200th Anniversary of the abolition of the British slave trade
Scott Horton writes on Balkinization: Two Hundred Years Ago Today, the Global Campaign for Human Rights Achieved Its First Victory ... Today the cause of universal human rights celebrates an important anniversary. On this day two hundred years ago, the Parliament at Westminster voted an act for the abolition of the slave trade. A few decades later, Parliament also voted the manumission of slaves throughout the British Empire. By that time, in the 1830's, the trafficking in slaves was viewed as a jus cogens crime by legal scholars around the world and the global movement to abolish slavery altogether was well launched.

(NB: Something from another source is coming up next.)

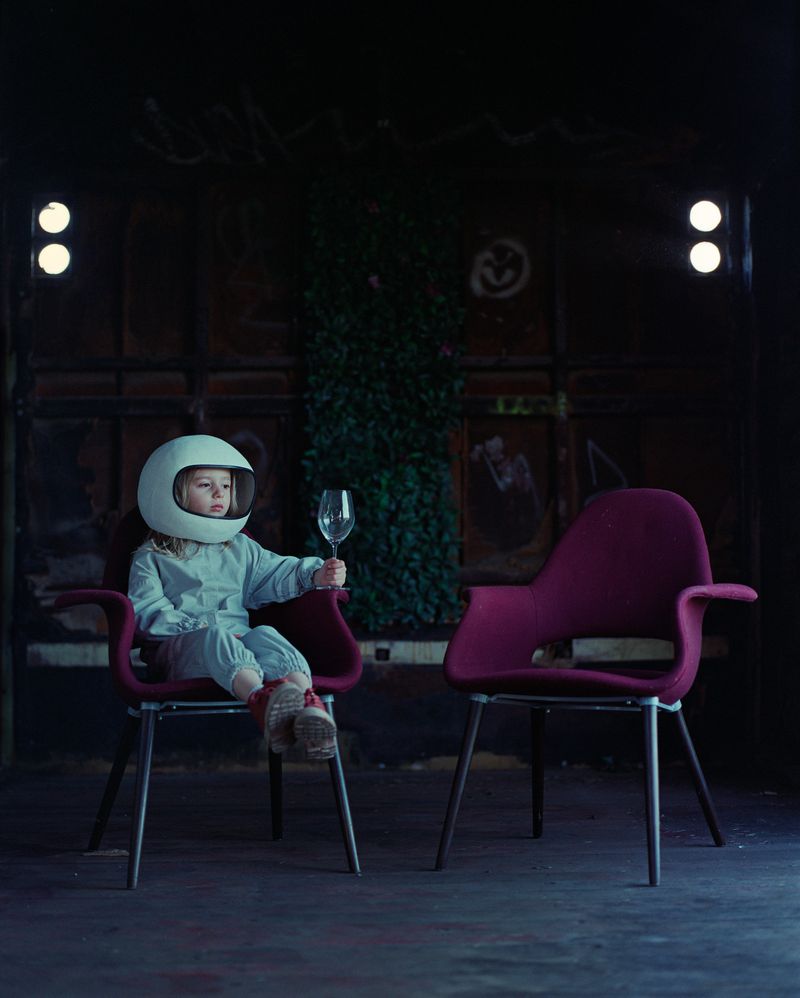 © Andrew Rovenko - The Party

Charting the origins of the modern human rights movement is an exercise in an uncertain and problematic geography, but if we follow it back along its swiftest channels to its ultimate source, past the American Civil Rights movement, the cause of voting rights for women, the great American abolitionist movement of the first half of the nineteenth century, we inevitably come to William Wilberforce and his sisters and brethren who launched the effort to ban the slave trade. Of course there were the French and American Revolutions with their call for the rights of man; there was Jean-Jacques Rousseau's theory of social contract and Immanuel Kant's conceptualization of a philosophy of right. These things have their vital role. -- Balkinization
Wilberforce is remembered on 30 July each year in the Episcopal Church. On that day, the prayer is "Let your continual mercy, O Lord, enkindle in your Church the never-failing gift of love, that, following the example of your servant William Wilberforce, we may have grace to defend the children of the poor, and maintain the cause of those who have no helper; for the sake of him who gave his life for us, your Son our Savior Jesus Christ, who lives and reigns with you and the Holy Spirit, one God, now and for ever." Whether they are Christians or not, that is what civil rights lawyers do and should be doing: defending the children of the poor, and maintaining the cause of those who have no helper.